Funny to see this here, it's been ages since I've seen UPX mentioned. In the early 2000's I had written some software whose executable was around a megabytes or maybe several megabytes in size coming out of VB6. On one of mid 90's test laptops we used at the time to ensure it would run on even the crummiest of machines it launched NOTICEABLY faster when packed with UPX. The hard disk in that machine was so incredibly slow loading less off the disk and decompressing the executable in RAM was easily an order of magnitude faster.
I do most of my web-dev in Nim these days. Meaning my ELFs are ultimately produced by GCC og Clang. Everyting statically linked - and I mean everything: For clib I use Musl. And then I UPX the bejesus out of them.
It's simply nice to ship a fully working app, with SQLite* and everything, which will basically run anywhere with a Linux kernel, in a single executable far below 2 MB.
*) Yes, the vast majority of the world's websites need nothing fancier than SQLite to keep them happy. And manageable.
SQLite-only can be a feature. On my long list of potential projects is a cloud storage/PIM/etc. application (similar to OwnCloud) that only supports SQLite in order to scale badly to more than 50-100 users, thus forcing users to decentralize and federate.
The one time I came across upx, it was used on some malware. It was on a programme named gnome-pty-helper in a user's .config directory that was installed in cron and set to phone home to some locations that were stored in clear once upx had been used to unpack it.
Years back I used gzexe and also some pkzip based thing on DOS. On a modern system, you're better of enabling filesystem level compression which also won't break OS paging if the executable is run more than once.
The exception are NSIS installers, self-extracting archives (exe rar files), files with IDL interfaces.
When NSIS starts they will try to open it's own exe file and find the section in which it's packed data is stored. But UPX will remove those sections and create .UPX section with compressed data.
When I first found upx I did this a couple of times only to fail pretty badly and then I stopped doing it. This was like 7-8 years ago when I first tried the portable version. Never found the cause till today.
I used to use this a lot, back in the bad old days, when drive space was at a premium.
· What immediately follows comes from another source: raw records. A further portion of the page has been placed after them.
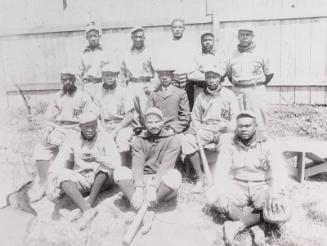 Philadelphia Giants Teams photograph, between 1902 and 1907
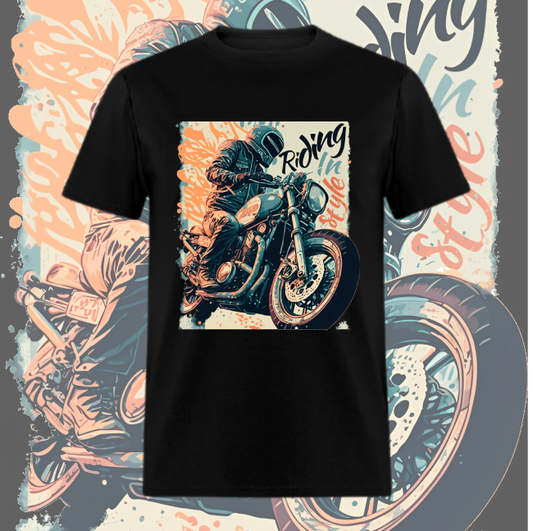 Ride In Style Tee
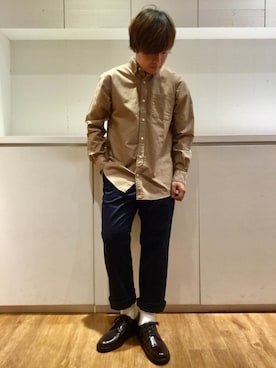 いしかわさん（メンズ・168cm）の秋コーディネート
These days I struggle to fill my hard drives no matter how wasteful I am with downloading videos and not bothering to clean up afterwards... and the amount of hard drive space you can buy per dollar keeps growing faster than I can fill my disks.
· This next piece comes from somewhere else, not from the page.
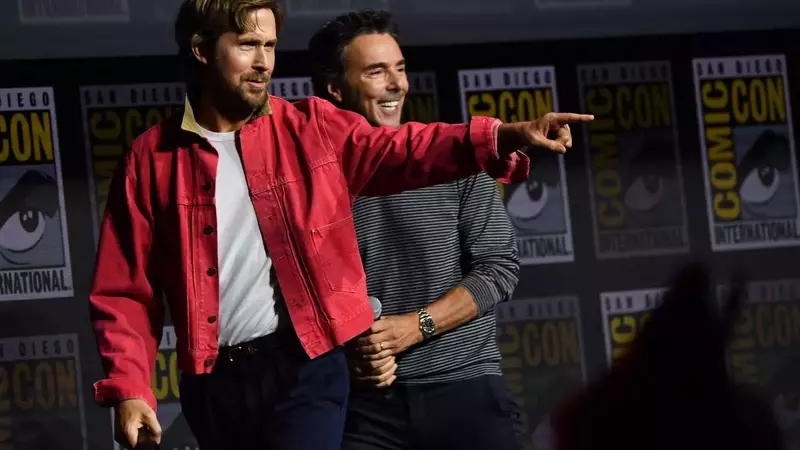 Ryan Gosling's Vintage Ralph Lauren Jacket Steals the Show at Comic-Con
Much trickier issues to tackle are speed (unless you go with SSD's, but then you run in to space issues again, and reliability issues), backups, and data integrity. All of these issues are made much harder by the sheer amounts of data we're storing these days. Executables usually account for only a relatively small fraction of that space.
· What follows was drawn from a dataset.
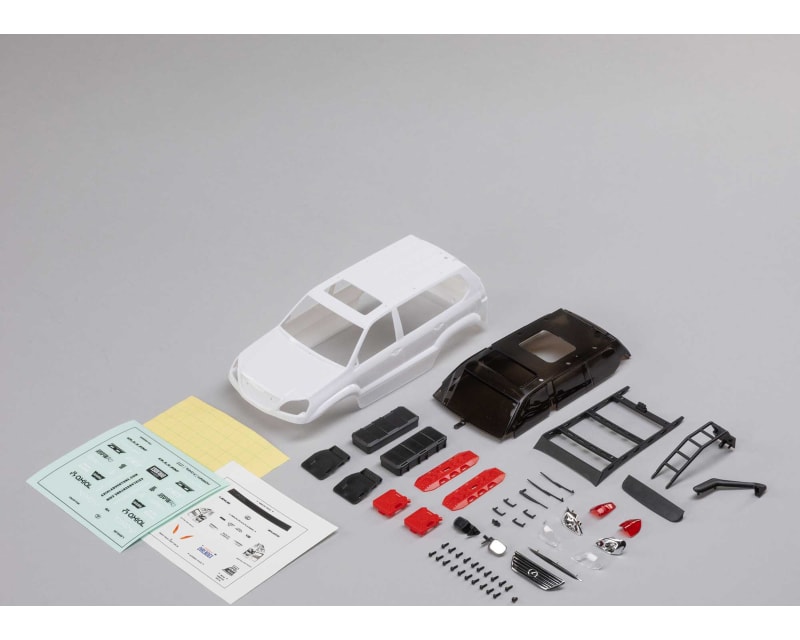 Body White: SCX24 Lexus GX470 photo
I think upx is more useful for static binaries like that of Haskell applications which is kinda huge. (GHC produces huge binaries - eg. pandoc or ghc-mod). A 100 something mb binary is not what you usually have. UPX can work its magic stuff like that. More manageable not necessarily essential but when you need it you need it badly.
Note that upx can also cause compatibility problems. For example when macOS Sierra was releases many older apps that used upx needed to be uncompressed and recompressed with a newer upx version in order to get them working again.
Just to chip in on my experience on this matter. I use UPX as one of the RE defense method on a couple of Delphi based software we build which our customer runs regularly on their servers. One of the challenge is some A/V throws a false positive upon checking the result files. Somehow this became no longer an issue after applying code-signing to the UPX output executables.
How does UPX defend against reverse engineering? The binary literally contains the code to reverse the UPX compression (otherwise it couldn't run), and I'd expect all antiviruses to be able to unpack UPX executables.
If there's only one copy of a program running, it won't matter - but if you are running hundreds of copies (even docerized and stuff), you are likely better off NOT upxing.